To run the examples, your system must have:
- Java version 1.2 or later. I have tested the examples with Java version 1.4 in a Windows 2000 environment.
- Xerces version 2.1 or later. I have tested appropriate examples with Xerces 2.2.
- The latest XOM JAR file. The latest version at this writing is xom-1.0d8.jar.

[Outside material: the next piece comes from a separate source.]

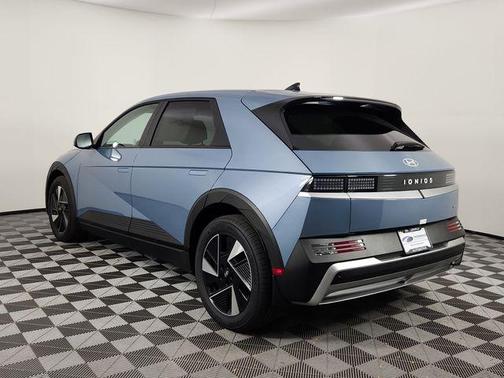 Blue 2026 Hyundai IONIQ 5 SEL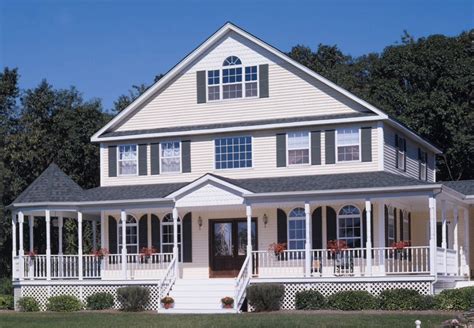 House Plans Farmhouse Wrap Around Porch Wrap Porch Around House Country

Parsing a Document with XOM
Create a working directory and unzip the program
archive there. Copy the Xerces and XOM JAR files there, too. The program
Wf.java
checks a document for XML 1.0 well-formedness:
import java.io.IOException; import nu.xom.Builder; import nu.xom.Document; import nu.xom.ParseException; public class Wf { public static void main(String[] args) throws IOException, ParseException { Builder builder = new Builder(); Document doc = builder.build(args[0]); System.out.println(doc.toXML()); } }
To compile the program, type the command:
javac -classpath xom.jar Wf.java
Use colons to separate the JAR files if you are working on a UNIX platform. The command line explicitly places the Xerces and XOM JARs on the classpath, making it evident what is going on. I've renamed the latest XOM JAR, from "xom-1.0d8.jar" to "xom.jar" for simplicity. After you successfully compile the program, you can run it by typing
java -cp .;xercesImpl.jar;xom.jar Wf file:///wrk/inst.xml
The fully qualified file path for the argument to Wf
may work more reliably
than the filename alone, depending on your platform. If the program runs successfully
and
inst.xml
proves to be well-formed (it should), the program will echo the
input and add an XML declaration:
<?xml version="1.0"?> <instant> <date month="December" day="1" year="2002"/> <time hour="10" minute="17" second="33" zone="PST"/> </instant>
Wf.java
imports three XOM classes: nu.xom.Builder
,
nu.xom.Document
, and nu.xom.ParseException
. Builder
creates a document object by reading an XML document. It can pick up the document
from a
file (as shown), a URL, or an input stream. Builder
's build()
method actually reads the document. Document
represents the document, including
its document element and prolog. XML output is delivered by Document
's
toXML()
method, with help from System.out.println()
. The entire
document is echoed using this mechanism, with an XML declaration thrown in as part
of the
parcel.
The IOException
and ParseException
classes are checked and
therefore required. They are declared the easy way in Wf.java
, that is, with a
throws
keyword. Wf2.java
uses a try/catch
statement
instead.
Validating a Document with XOM
With just a few changes, you can add validation support. In the following program
(Val.java
), notice three additions highlighted in bold.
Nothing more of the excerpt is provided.